Refik Anadol : Le Prestidigitateur des Données Vides

Écoutez-moi bien, bande de snobs ! La mode est à l’intelligence artificielle et aux installations monumentales qui en découlent. Refik Anadol (né en 1985), ce magicien des pixels qui transforme les données en spectacles numériques, est devenu la coqueluche d’un monde de l’art en manque de sensations fortes. Depuis son studio de Los Angeles, cet artiste turc-américain produit des œuvres qui ressemblent à des fluides psychédéliques en mouvement perpétuel, comme si Timothy Leary avait programmé un écran de veille sous acide.

Avec ses installations démesurées, comme “Machine Hallucinations” au MoMA ou “Living Architecture” à la Casa Batlló de Barcelone, Anadol joue le rôle du grand prêtre d’une nouvelle religion technologique. Ses œuvres sont des cathédrales numériques où le code remplace l’encens, et les algorithmes font office de prières. Walter Benjamin nous avait prévenus dans “L’Œuvre d’art à l’époque de sa reproductibilité technique” que l’aura de l’œuvre d’art disparaîtrait avec la reproduction mécanique. Mais Anadol a trouvé la parade : créer une aura artificielle si éblouissante qu’elle aveugle le spectateur sur le vide qui se cache derrière.

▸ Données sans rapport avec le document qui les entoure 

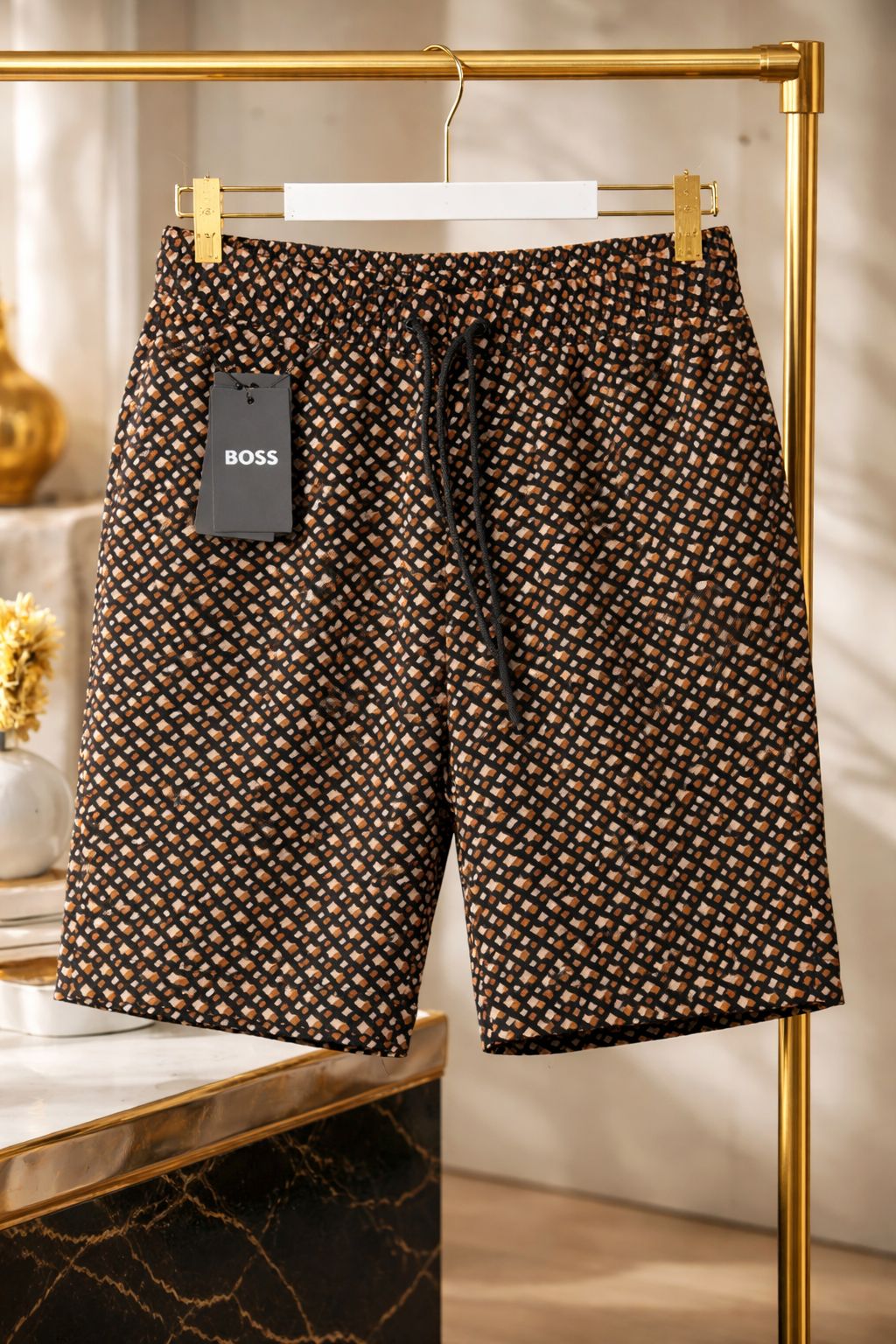 Elite Summer Luxe Imported Shorts Collection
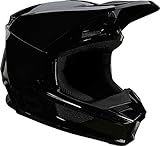 FOX Motocross-Helm V1 Schwarz Gr. XS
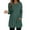 Green, variant on Wdgfv Breathable Women's Pullover Women's Knitted Pullover Sweater Long Sleeve Top With Ribbed Design And Pocket For Year Round Wear And Various Occasions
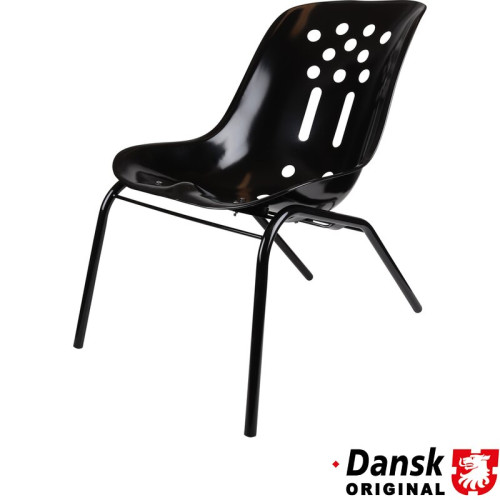 PartzBiz CE: 9902501300-Chair Recliner, frame black, seat black PartzBiz CE: 9902501300-Chair Recliner, frame black, seat black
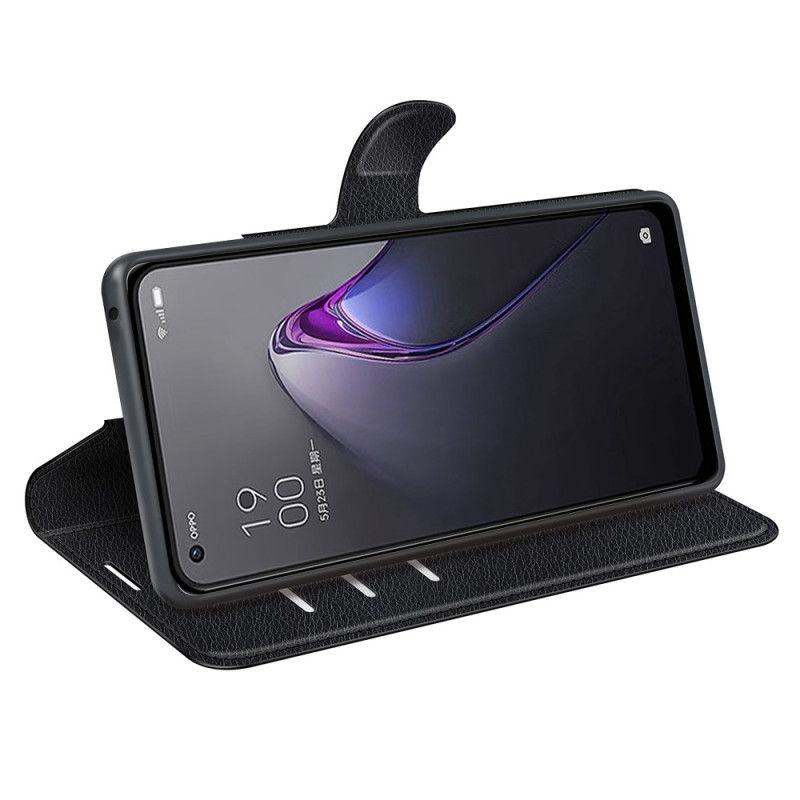 Peňaženkový Kryt Oppo Reno 8 Klasický Štýl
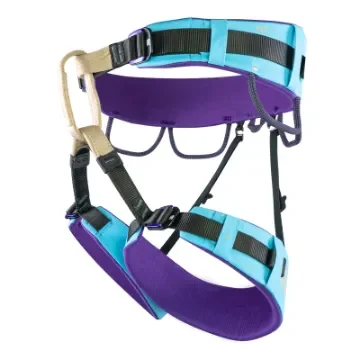 BEAL - NEO Climbing Harness Blue - BHNE.1.B product image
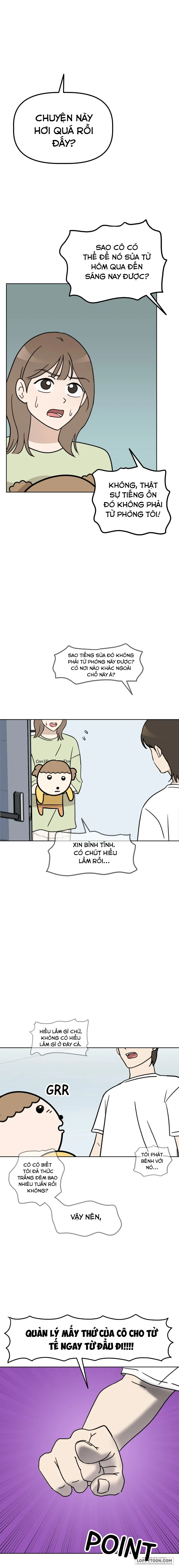 Maru là cún cưng của tôi - Chap 1 - Trang 22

Le premier aspect frappant de son travail est cette obsession pour le “machine learning” et les données massives. Anadol se présente comme un démiurge moderne qui transforme des millions d’images en visions hallucinées. Mais comme l’aurait fait remarquer Jean Baudrillard, nous sommes ici dans l’hyperréalité pure, un simulacre qui ne simule plus rien. Quand il utilise 300 millions de photos de New York pour créer “Machine Hallucination”, il ne fait que recycler des images dans un grand mixeur numérique qui produit une soupe visuelle sans goût ni odeur. C’est du fast-food artistique pour Instagram, servi dans une vaisselle en plastique recyclé.

Le second aspect, plus problématique encore, est sa relation avec les institutions culturelles et les grandes entreprises technologiques. Microsoft, NVIDIA, Google : Anadol collectionne les collaborations corporate comme d’autres collectionnent les timbres-poste. Son installation “Unsupervised” au MoMA n’est rien d’autre qu’une démonstration technologique déguisée en œuvre d’art. Friedrich Nietzsche nous avait mis en garde contre les “derniers hommes”, ceux qui inventent le bonheur et clignent des yeux. Les visiteurs du MoMA clignent des yeux devant les écrans d’Anadol, éblouis par un spectacle qui n’est qu’une célébration creuse de la puissance technologique.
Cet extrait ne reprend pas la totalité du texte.